MCT NEWSFEATURES
By Chris Adams
HINESBURG, Vt. — David Zuckerman, an organic farmer and state senator, is a key advocate for ensuring that foods containing genetically modified ingredients be labeled as such.
To him, it’s a basic right-to-know issue: Polls show that consumers want to see such labeling, so there’s no reason to deny them.
“It’s up to the consumer to decide — and they want the choice,” Zuckerman said. Right now, a GMO-labeling bill Zuckerman co-sponsored is in a Vermont Senate committee, and it represents one of the pivotal battlegrounds in the labeling issue.
After ballot defeats in California and Washington state, and nebulous legislative victories in Maine and Connecticut, Vermont represents one of the best chances for pro-labeling advocates to get a clean win. And Zuckerman would be key in helping them get it.
But even if the labeling is eventually mandated, he’s not sure how consumers will respond.
Some will use the labels and choose other products. Some might shrug, once they realize that about 70 percent of processed food contains genetically modified ingredients. Some companies might change the way they source their ingredients so they can say their products are GMO-free.
Zuckerman pointed to General Mills, one of the nation’s largest food manufacturers, which said earlier this year that there was a broad consensus among scientists that “genetically modified foods are safe” but that it still planned to change the way it sources cornstarch and sugar so it can say original Cheerios are GMO-free.
“It was partly a marketing strategy, but it shows that food manufacturers recognize there’s a reasonable percentage of the population that wants that,” Zuckerman said.
Zuckerman has been figuring out consumers’ preferences as a farmer for the past 15 years, first on rented property and now on a farm he owns with his wife that contains 25 acres for vegetables, 125 open acres, 1,000 chickens and up to 40 pigs.
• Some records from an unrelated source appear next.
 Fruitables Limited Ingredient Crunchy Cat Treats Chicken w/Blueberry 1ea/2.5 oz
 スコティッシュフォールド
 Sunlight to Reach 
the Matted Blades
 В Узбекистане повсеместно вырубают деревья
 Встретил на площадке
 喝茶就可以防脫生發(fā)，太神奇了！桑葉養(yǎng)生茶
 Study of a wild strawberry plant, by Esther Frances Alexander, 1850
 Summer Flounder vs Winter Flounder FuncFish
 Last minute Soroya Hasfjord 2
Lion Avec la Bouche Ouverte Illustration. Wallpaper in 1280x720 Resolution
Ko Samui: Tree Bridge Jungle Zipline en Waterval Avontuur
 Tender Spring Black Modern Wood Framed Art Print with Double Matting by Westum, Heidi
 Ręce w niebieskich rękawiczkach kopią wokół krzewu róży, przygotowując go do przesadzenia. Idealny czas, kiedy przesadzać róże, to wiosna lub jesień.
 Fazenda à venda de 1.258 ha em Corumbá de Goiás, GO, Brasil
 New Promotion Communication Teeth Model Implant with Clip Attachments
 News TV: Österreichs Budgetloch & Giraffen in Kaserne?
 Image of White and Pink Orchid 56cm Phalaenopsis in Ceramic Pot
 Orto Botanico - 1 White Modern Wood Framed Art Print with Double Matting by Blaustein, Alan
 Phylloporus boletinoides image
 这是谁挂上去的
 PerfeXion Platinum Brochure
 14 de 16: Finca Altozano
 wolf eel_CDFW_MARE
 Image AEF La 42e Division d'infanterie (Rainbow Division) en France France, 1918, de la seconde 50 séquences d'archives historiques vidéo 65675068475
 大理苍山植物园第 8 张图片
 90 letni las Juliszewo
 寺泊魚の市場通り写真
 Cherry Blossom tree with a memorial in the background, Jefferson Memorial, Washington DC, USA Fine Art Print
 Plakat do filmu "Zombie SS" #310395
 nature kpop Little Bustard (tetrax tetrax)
Half of their production is sold as shares through a community-supported agriculture shares association, the rest to farmers markets and wholesalers. The labeling wouldn’t affect the farm’s products, which aren’t genetically engineered.
Zuckerman and his family live in a pair of converted silos next to the barn where coolers keep the 50 types of vegetables fresh long after harvest.
“I don’t know if I chose farming or it chose me,” Zuckerman said on a recent morning, when the temperature was hovering in the single digits and he was loading four pigs into a trailer for their journey to the slaughterhouse.
Zuckerman first tried politics while still a student at the University of Vermont in the 1990s, losing a state House of Representatives race by 59 votes. He came back two years later to win a seat, and served for seven terms before taking a break for two years to get the farm he co-owns with his wife, Rachel Nevitt, up and running. When a state Senate seat came open in 2012, he jumped back into politics.
He’s a Progressive/Democrat in the largely Democratic Vermont Senate, and he’s staked out liberal positions on marijuana policy, health care, labor relations and taxation.
The GMO-labeling bill he introduced with several co-sponsors passed out of the Senate’s agriculture committee but still needs to make it through a second Senate committee as well as the full Senate. It faces a host of issues, including whether it would violate companies’ First Amendment rights (he says no) and whether the state would be willing to withstand any expensive legal challenge should the bill pass.
Zuckerman said he thought it could withstand the scrutiny, and he hopes it won’t contain the same kind the trigger that has bottled up legislation in other states. In Maine, for example, a labeling bill passed but goes into effect only if nearby states pass similar legislation.
“The vast majority of people support the idea,” Zuckerman said of the labeling initiative. “Not all people want to consume those foods, at least until we know more.”